I really didn't want to hurt your feelings. Meantime, I totally understand your frustration with the rating system. You should have had a straight 5 star rating with all you described. But people we deal with are a different bunch and especially after midnight when they are drunk all bets are off. You are at the mercy of an entitled cheap drunks more than 50% of the time. And they do what they do. You get 1 stars for no apparent reason.


----------



## chi1cabby (May 28, 2014)

LAndreas said:


> The tiered structure is new for Uber, obviously, and - equally obviously - Uber aping Lyft power driver bonus structure (incentivizing the hardcore drivers). Only Lyft completely waives their commission when you do enough rides


Actually Uber's Tiered Commission is exactly opposite of Lyft's Power Driver Bonus. And it doesn't incentivize drivers to work more hours at all, it just takes higher commission from Drivers on their first 30 or 40 Fares.
With Uber's Tiered Commission, the commission *starts at 30%,* and is then cut down to the normal 20% after 30 or 40 rides.
With Lyft's Power Driver Bonus, the commission *starts at 20%, *and then bonuses of up to 20% are added back to the payout.

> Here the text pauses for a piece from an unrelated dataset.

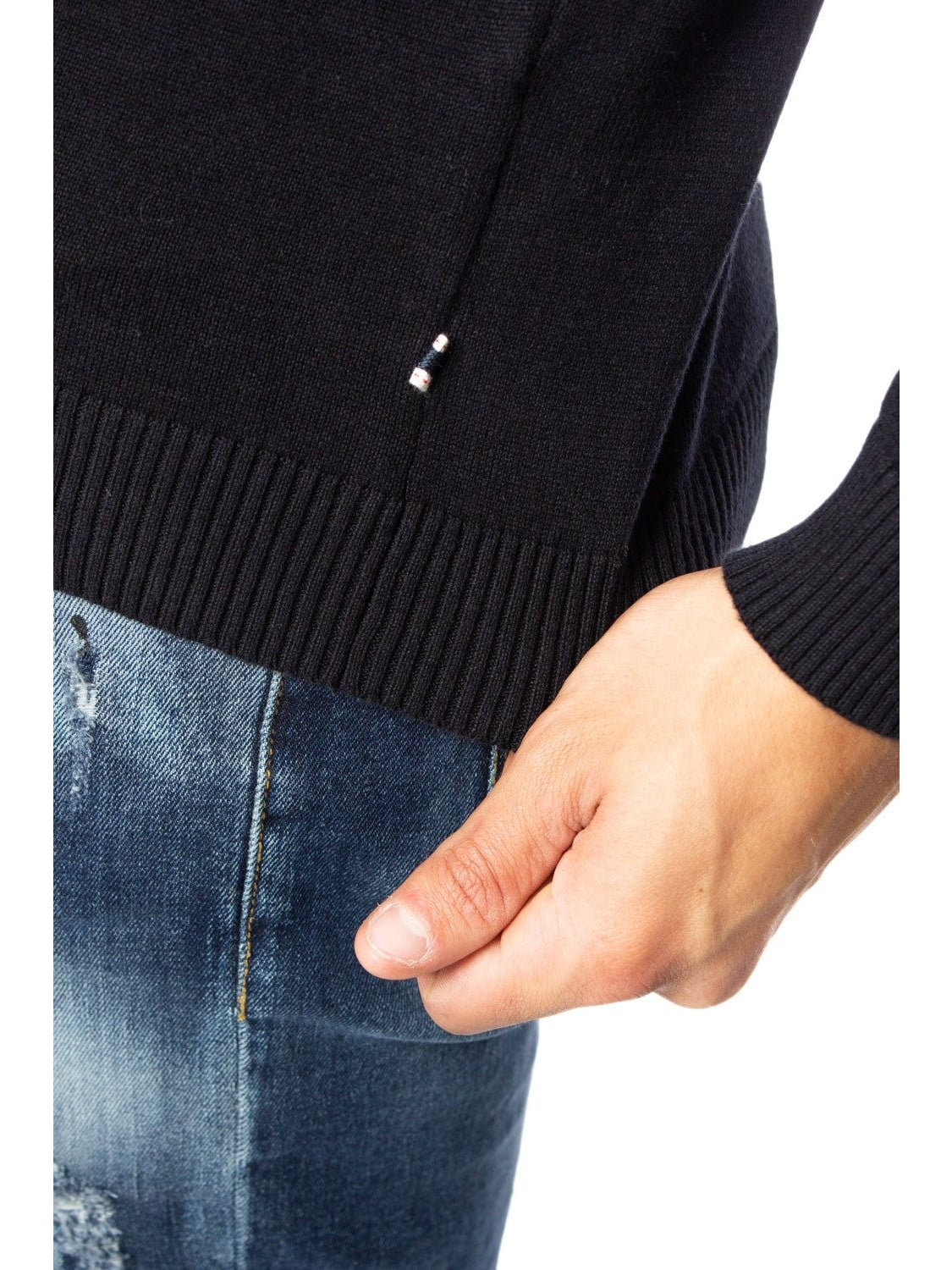 Jack & Jones · Пуловер · WH7_232069_Nero | DontMiss.bg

Do you wear Uber colored glasses that makes everything Uber look rosy?
It would "aid your credibility" if you'd take off those Uber colored glasses once in a while.


----------



## unter ling (Sep 29, 2014)

chi1cabby said:


> Actually Uber's Tiered Commission is exactly opposite of Lyft's Power Driver Bonus. And it doesn't incentive drivers to work more hours at all, it just takes higher commission from Drivers on their first 30 or 40 Fares.
> With Uber's Tiered Commission, the commission *starts at 30%,* and is then cut down to the normal 20% after 30 or 40 rides.
> With Lyft's Power Driver Bonus, the commission *starts at 20%, *and then bonuses of up to 20% are added back to the payout.
> 
> ...


those glasses are stuck on chi1cabby, but be careful he will put you on ignore like he did to sydneyuber and many other members

..


----------



## Trill Codby (Jan 12, 2015)

Humble Braggington over here wasn't even all that humble. haha


----------



## uberclone (May 12, 2015)

unter ling said:


> those glasses are stuck on chi1cabby, but be careful he will put you on ignore like he did to sydneyuber and many other members
> 
> ..


And if I may add, that you have to knock out those 30 rides at the beginning of the week if you want to make it to the 80% level before the weekend or the pay period ends or else you have to start all over again at zero! Basically new drivers start at 30% every monday!


----------



## Chicago-uber (Jun 18, 2014)

I've seen some high end cars doing uberx in Chicago. Not sure how they make any money. I'm barely making any profit driving my $25 k SUV.


----------



## chi1cabby (May 28, 2014)

*"keep even more of what YOU make"*
I just re-read it. I can't even fathom the chutzpah it takes to think that this is incentivizing drivers!


----------



## unter ling (Sep 29, 2014)

chi1cabby said:


> I just re-read it. I can't even fathom the chutzpah it takes to think that this is incentivising drivers!
> View attachment 7312


 thats gold chi1cabby


----------



## UberXTampa (Nov 20, 2014)

unter ling said:


> thats gold chi1cabby


With the current rates it is impossible to make more than $10.00/hr gross. And this new structure is making it even worse.
I just don't understand how still there are too many cars everywhere I look. Like hungry piranhas cars everywhere.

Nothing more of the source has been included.